The Cleveland Railway Co. was Cleveland’s privately owned public transit franchisee from 1910 to 1942. The City of Cleveland awarded franchises to private companies to operate horse-drawn car, and later, electric streetcar lines. The increased cost of electric streetcar lines caused consolidation of the industry in the late 1880s. In 1903, the two remaining companies merged to form the Cleveland Electric Railway Co.
Mayor Tom L. Johnson, who had been involved in the electric railway business before moving to Cleveland in 1883, was an advocate of municipal ownership of public transit. The Municipal Traction Co. was incorporated in 1906, and in 1908, the company leased the operations of the Cleveland Electric Railway Co. In 1910, the Municipal Traction Co. and Cleveland Electric Railway Co. filed for bankruptcy protection, and a new franchise agreement was created between the city and the former Cleveland Electric Railway Co., renamed Cleveland Railway Co.
Many of the cars owned and operated by the Cleveland Railway Co., including Car 1218 were manufactured by the G.C. Kuhlman Car Co. of Cleveland. Car 1218 was built in 1914, and improved in 1920 and leased to the Cleveland Interurban Railroad, owned by the Van Sweringen brothers, to provide transportation between Shaker Heights and Terminal Tower. The brothers purchased the Cleveland Railway Co. in 1930. Car 1218 was retired in 1960.
1218 was a center-entry car, meaning that there was only one door, located in the middle of the car. Once the passenger entered the car, and placed his or her fare into the collection box, there were two more steps up to the seat level. Many of the fare boxes were manufactured by the Johnson Fare Box Company, founded by Tom L. Johnson.
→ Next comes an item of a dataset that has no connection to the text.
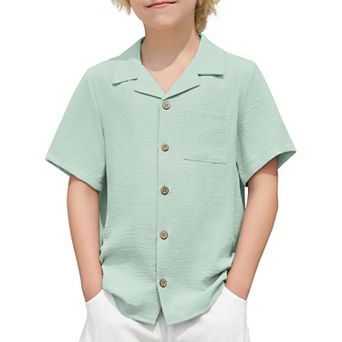 Arshiner Boys Short Sleeve Button Down Shirt Texture Summer Beach Vacation Shirt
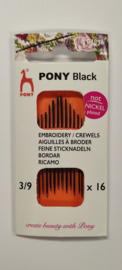 Black 3/9 Embroidery Crewel Naalden Pony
The Cleveland Transit System (CTS) was established after the City of Cleveland purchased the Cleveland Railway Company, in April, 1942. By 1954 the conversion to rubber tires vehicles was completed, and rail transit was limited to the Windermere line, which was extended to the Cleveland Hopkins International Airport in 1958. In 1974, CTS was reorganized as the Greater Cleveland Regional Transit Authority (RTA) which absorbed the Shaker Heights Rapid Transit the following year.
An agreement was reached between RTA and University Circle Incorporated, by which Car 1218, having been retired to Trolleyville in 1966, was to be restored and placed on display in the vicinity of the Children’s Museum in University Circle (so named because it was once the circle where street cars turned around to return to downtown Cleveland). Lacking funding, the project was never completed, and Car 1218 has been sold.